The picture in the header of this post is the view from our bedroom from a particularly glorious, recent sunrise. I Tweeted a similar picture the other day and someone from Bitcoin Twitter seemed very interested in working with me to build a housing development that took advantage of our view. I have no idea whether he was being serious or joking, was a scammer of some sort or whatever but there is a bigger point. For us, there is no improving what we've built for ourselves. We live the life we want and have enough savings to make us comfortable all while living the day to day lives that we want. More money would be nice, who'd say no, but the diminishing return, assuming we could even be successful, would not be worth what we'd lose.
Take that paragraph and plug in your own details. Do you enjoy what you do every day? Are you happy at home? Do you have a little bit of saving that gives some peace of mind and optionality? How's your health and fitness? If you don't like your answers to those questions, what is your best path to better answers? Maybe take a beat to ponder that big changes, like a new job, might not be the best route to the outcome you want. Would a 50% pay increase be worth 100% more stress? There's no wrong answer which means that for some people that answer is no. Over the years I've had a couple of opportunities come my way, really not very many, one made sense, adding AdvisorShares to my plate because it did not take away my autonomy. There was another one that would have required spending more time down in Phoenix. It would have been a lot more money but turned my life inside out. Not worth it.

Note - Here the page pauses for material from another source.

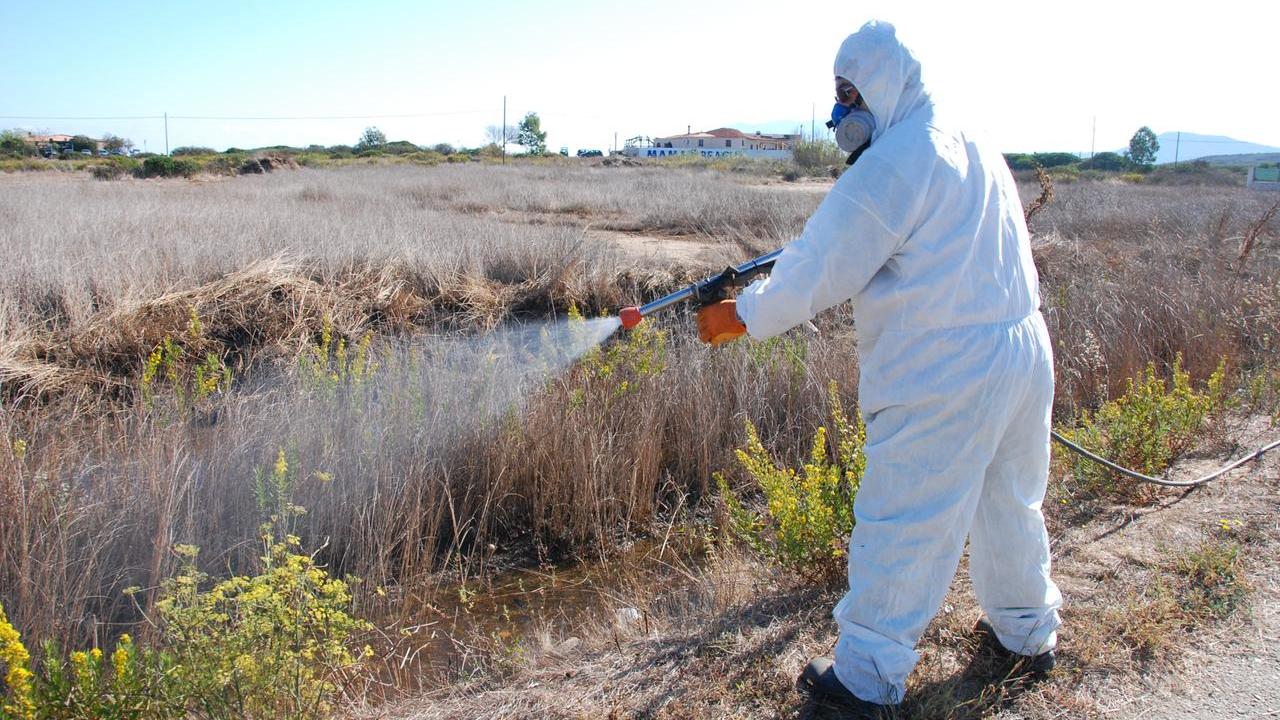 Febbre del Nilo, cresce la pura: i contagi nell’Oristanese salgono a quindici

In a related note, I saw a meme from another Bitcoiner that showed a man with four balls and chains around his ankles representing his mortgage, car payment, student debt and credit card debt. He posture implied depression and the caption was "I'm so happy." The accompanying Tweet talked about Bitcoin fixing debt slavery. I'm not sure how Bitcoin fixes it but no matter because there is nothing new about being over indebted or living beyond your means to the point of being miserable.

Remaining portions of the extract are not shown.